I think every church, every youth ministry, every missions group, every team doing kingdom work should perk up and pay attention to his method. If we could do this—REALLY commit to doing this—we’d be able to accomplish many more seemingly impossible things together.
James calls it “TOTAL RADICAL TRANSPARENCY.”
When describing the effort it took to film his solo dive he explains how his team worked.
“Everybody working on the vehicle had to sit around a table every morning at 8:15 (not 8:14 or 8:16) and we’d air out our problems. There would be no offline conversations about the things that were going wrong. You bring your problems to the group, and we as a group would solve them. People thought I was crazy, but after about two weeks, we really started working as a team. They started to understand that you don’t hide your problems—you bring your problems to the group.” (Fast Company Magazine, Sept. 2014, p. 32)
I’ve had the privilege of working with some incredible teams. I didn’t realize why at the time, but I thrive in environments where we were collaborating toward solutions. One of the biggest factors to this mutual thriving was caring.
James didn’t explicitly say that his team cared. But he did imply it when he said that they showed up every morning at 8:15. Not 8:14 or 8:16. It showed that they were all-in. I’ll be the first to admit that I’m not always on time. I have distractions. I may show up with my head somewhere else. But when there is something on the line and we all need to be all-in and the leadership has communicated that, it changes my approach and it changes how I feel about what we are working on.
The other occasionally uncomfortable thing about this approach is that conversations need to be had at the table. I can think of nothing more devastating to a project than a team whose offline conversations have more of an impact on the decisions than the ones that happen at the table. It deflates the team. It disempowers the process. It disrespects the people that have been put together to work toward a solution.
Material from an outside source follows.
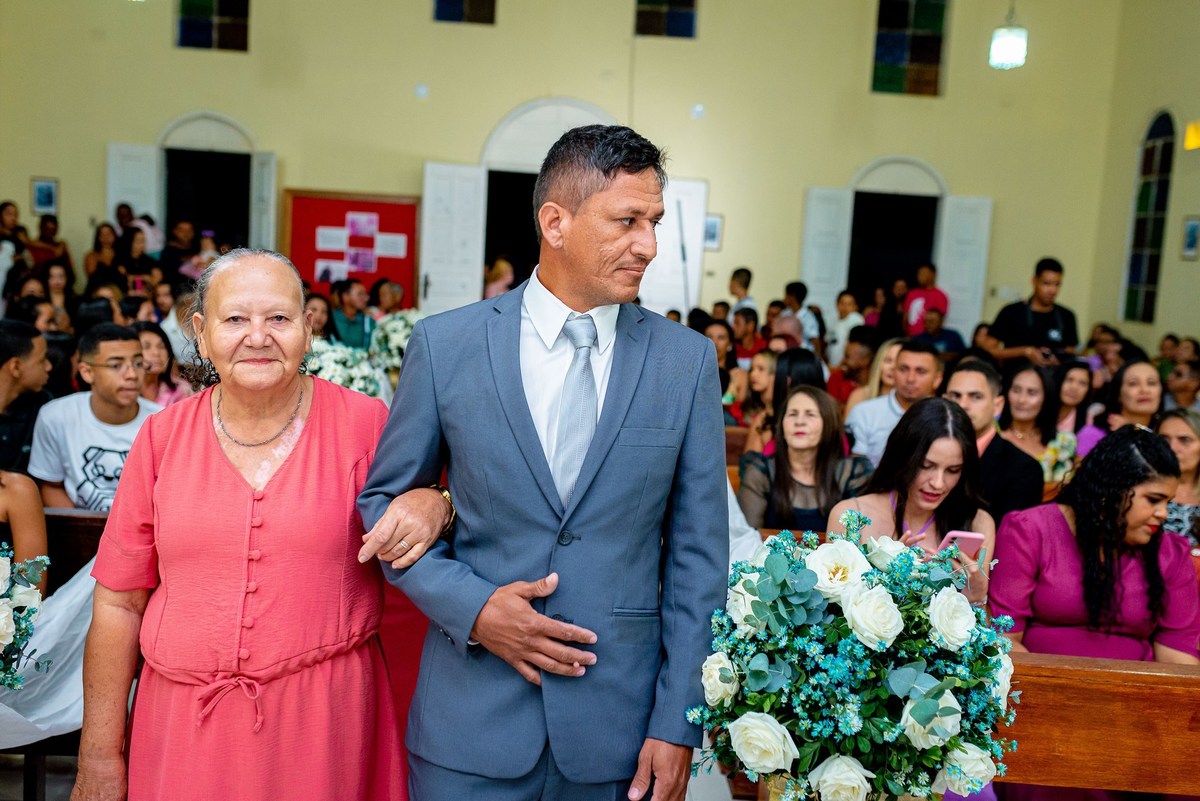 Retratos, Fotos de meninas, Ensaio de 15 anos , Fotografia individual , Quijingue Bahia Fotógrafo de moda, gestante, fotos de gestante, fotos no por do sol, fotos no rio, fotos em casal, ensaio de casal, pre casamento, formatura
Some of the most beautiful environments, movements, events, ideas, solutions that I have been a part of have been created around these types of spaces that were collaborative, honest, working, and more defined. We don’t have to be James Cameron to have this type of impact on a team. It takes men and women who aren’t afraid of the results of true team development. It takes men and women who aren’t afraid of each other. It takes men and women who value each others contributions deeply. It takes honesty. Respect. And I’m sure more than anything, a colossal sense of humor.
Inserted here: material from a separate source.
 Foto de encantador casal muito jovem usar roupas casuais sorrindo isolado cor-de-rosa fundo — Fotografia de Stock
So, let’s get started–or continue–or remember…our biggest influence lies in how much we are willing to leave on the table. Want to get started? Why not try total radical transparency in your next meeting?
- Set a start time and make it a priority.
- Set the tone of TOTAL RADICAL TRANSPARENCY.
- Set a meeting agenda, “What do we need to accomplish here to reach our goal”, “What challenge needs our creativity”, “What do we need to do to make what we’re working on a success.”
- Set up your team to win. Try this for 2 weeks in a row. Meet every day for 30 minutes. Do whatever it takes to push through initial doubts in the process. Remind them that hiding problems doesn’t help anything, bring them to the group and work them out together.
When we play and work in radical transparency, we win a lot more. I know of another J.C. who led with TOTAL RADICAL TRANSPARENCY. I have no problem abandoning every inheritance of this world, to follow this man’s example. Jesus is our example in transparency.
How is your team working?
Could you use a dose of TOTAL RADICAL TRANSPARENCY?